Fig. 9. Histogram of movements of blue racers between hilltop rock outcrops used for hibernation, and summer habitat on the Reservation and Rockefeller Tract. Movements of females tend to be somewhat shorter than those of males.

For all the racers living in bottomland, ranges were separated from ledges by areas of wooded hillsides averaging approximately 700 feet across. These relatively unfavorable areas had to be traversed in the course of the semi-annual migrations. Even some of the racers that lived in hilltop fields apparently crossed wooded slopes in order to reach distant hibernation ledges, or else each reached the ledge by a roundabout route although it could have found a ledge much nearer its summer range. For the 124 ledge-to-field and field-to-ledge movements, the median distance was 1030 feet. The sexes were almost equally represented in this sample but the average distance for the 55 males—1425 feet—notably exceeded that for the 69 females—1220 feet. These movements are shown in [Fig. 9].

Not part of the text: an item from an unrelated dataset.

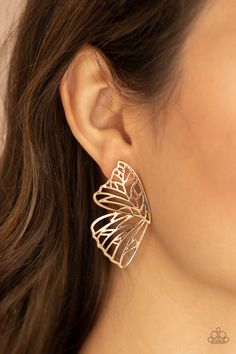 a close up of a woman's ear wearing gold earrings with an intricate design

McCauley (1945:76) in Maryland described what seemed to be incipient territoriality in a large male racer that remained several hours in a small area, crawling about conspicuously with head raised, seemingly on patrol. When an even larger male racer intruded, the first one aggressively drove him away, but neither paid any attention to a king snake that was also on the area. Other authors have noted the attachment of a racer to a small familiar area. Conant (1938:53) wrote that many of the racers he saw sought shelter in definite retreats. One of these racers was seen resting on top of a brush pile four times in a single afternoon, and each time it followed the same route to the same inaccessible spot beneath the brush.

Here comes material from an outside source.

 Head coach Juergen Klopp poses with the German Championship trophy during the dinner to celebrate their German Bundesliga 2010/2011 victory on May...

My own observations do not bear out the idea that racers maintain regular territories, since several males may be present within a small area, even in the breeding season. Hostile behavior between males has not been observed by me under natural conditions, and in confinement has been seen only in instances of self defense. Like the racer Conant observed on a brush pile, individuals may linger in the vicinity of a favored shelter or foraging area for periods of hours, but such associations are ephemeral, and soon the snake moves on. In a uniformly favorable habitat a racer may cruise about freely in tall grass or brush. Individuals that I have attempted to follow, after flushing them or releasing them from traps, often covered distances of 100 to 300 feet within periods of a few minutes before I lost them. In such instances I maintained sufficient distance between myself and the snake so that the latter was not actively escaping. Probably the snake was not aware of pursuit in most instances, although I was able to glimpse it through the stems of grass, weeds, or shrubs, or was informed of its course by the swaying tops of grass and other vegetation.

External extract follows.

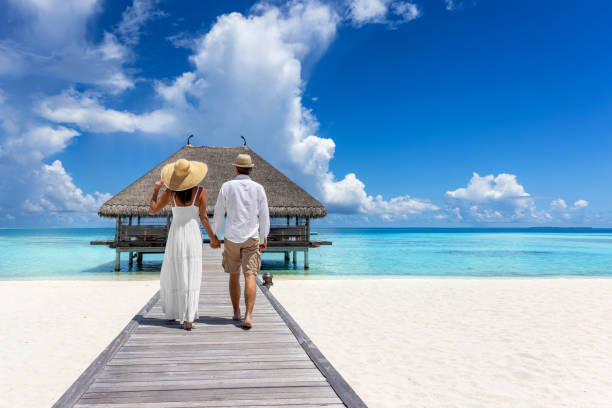 istock A luxury couple in summer clothing walks hugging over a pier at a tropical beach 1663409002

For many of the racers captured over periods of years it was possible to plot "minimum home ranges" in the areas that they occupied. One caught 12 times in five consecutive years will serve as a typical example. There were seven locations involved; three captures were made at one point and two captures at each of two others; the other five locations were each represented by a single capture. One of the seven locations was for a capture made at a rock ledge in October, and hence can be eliminated from considerations of home range. The other six locations are based upon captures made from late May to early August, and they form a rhomboid pattern, with three locations in alignment on one side and two others inside the quadrangular figure formed by the five outlying points. Obviously such a group of records gives some idea of the location and extent of the snake's activities but the information is far from complete. As shown by Odum and Kuenzler (1955), a much larger series of records, usually several dozen, with eight or more marginal locations, is necessary to illustrate even an approximation of the actual home range. Under the conditions of my study such a series of records was unattainable. Few if any of the racers recaptured had more complete series of records than the one mentioned above.